Principal ideal ring if and only if it is both a Noetherian ring and a Bezout ring.

Question

How can I prove it?

Principal ideal ring if and only if it is both a Noetherian ring and a Bezout ring. I think that The fact that a Noetherian Bezout ring is a principal ideal ring follows by a single line of logic based on the above definitions. The fact that every principal ideal ring is Bezout is again direct from the definitions. The fact that it is Noetherian follows from the fact that a principal ideal is, by definition, finitely generated.

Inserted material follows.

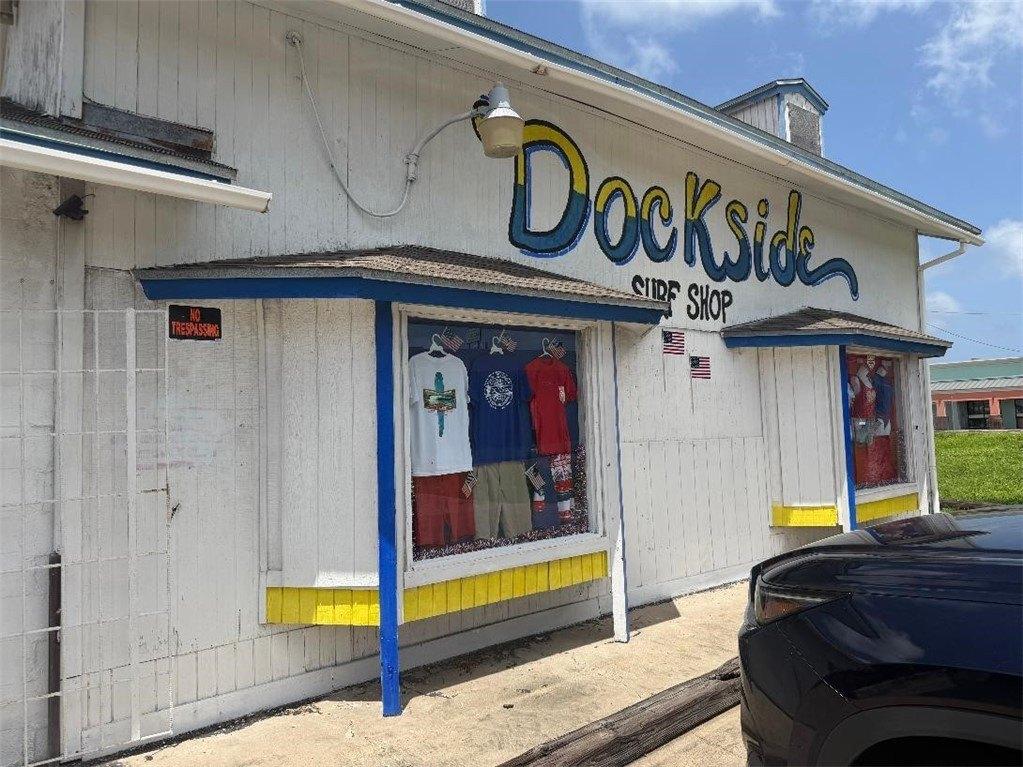 Property Image for 10306 S Padre Island Drive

But I need something better explained than mine.

Answer 1

Let $R$ be a commutative ring. Suppose that $R$ is a principal ring. Then for each ideal $I \subset R$ we have that $I=(a)$ for some $a \in R$ so $R$ is noetherian, since ideal is $1$-generated. Similarly $R$ must be Bezout because the sum of any two principal ideals is again principal. Conversely if $R$ is Bezout and Noetherian then for any ideal $I \subset R$ we have that $I$ is finitely generated. Since $R$ is Bezout any finitely generated ideal is principal thereby $I$ is principal. But $I$ was an arbitrary ideal, so $R$ is a principal ring.

Answer 2

This all seems clear... Nothing to add or change.

Perhaps you should elaborate that the Noetherian property means that all ideals are finitely generated.

Then, using the definition of Bezout ring: all finitely generated ideal is principal, we can see the equivalence.